Nobody Gets Promoted for Simplicity (Matheus Lima)
tl;dr: Organizations often reward visible complexity instead of good judgment, because complex systems create better narratives in interviews and promotion packets. Engineers must learn to document the decisions behind simplicity, and leaders must explicitly reward the complexity that teams avoided, not just the systems they built.
How We Hire Engineers When AI Writes Our Code (Dan Federman)
tl;dr: In a world where AI can generate most of the implementation, this hiring approach shifts interviews from coding ability to engineering judgment. Candidates are given a real product spec and encouraged to use AI, but the evaluation focuses on trade-offs, architecture, questioning the spec, and knowing when code is not ready.
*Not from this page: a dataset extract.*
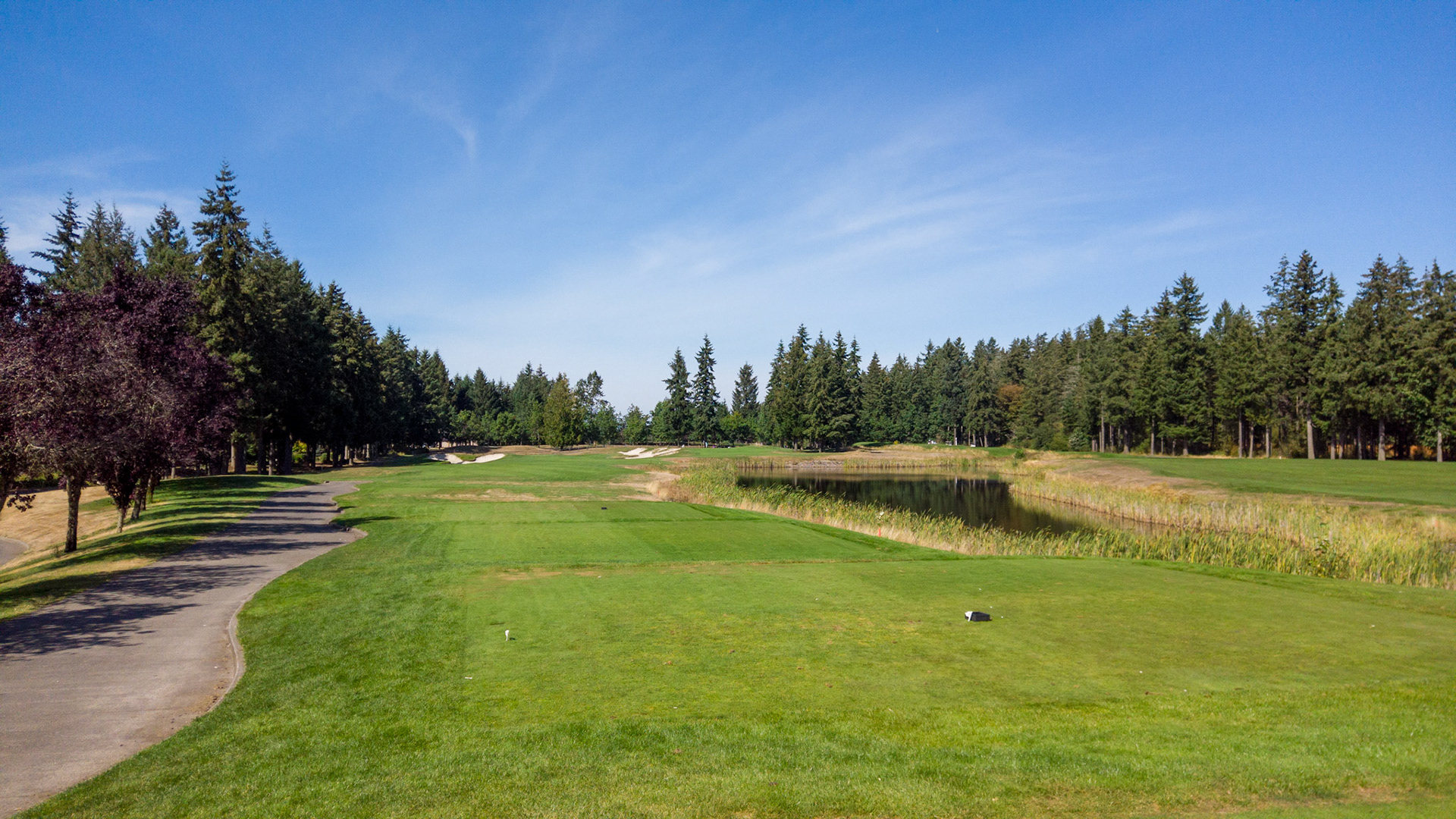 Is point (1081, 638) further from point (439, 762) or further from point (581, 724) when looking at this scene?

Implementation is getting commoditized, but judgment, taste, and ownership are becoming the real differentiators.
Strategic choices: When both options are good (Jason Cohen)
tl;dr: The core idea here is that real strategy isn’t choosing between good and bad options - it’s choosing between two good ones and accepting the downsides that come with your choice. This mental model helps teams define explicit trade-offs. If your strategy doesn’t force painful trade-offs and say no to attractive alternatives, it’s probably not a strategy at all.
Reflections on the Future of Software Engineering Retreat (Rachel Laycock)
tl;dr: A few interesting signals about where engineering might go. One standout idea: AI tools are increasing cognitive load rather than reducing it - developers are generating more code but also facing more decision fatigue. The other notable shift is toward engineers acting as orchestrators of agents and governance systems rather than pure implementers.
Engineering Productivity in 2026: Where AI Actually Pays Off (Anna Shipman)
tl;dr: AI amplifies the quality of your engineering systems rather than fixing them. In a well-structured codebase it dramatically speeds up delivery; in a messy one it accelerates chaos. The practical implication: architecture, documentation, and systems thinking matter even more than before.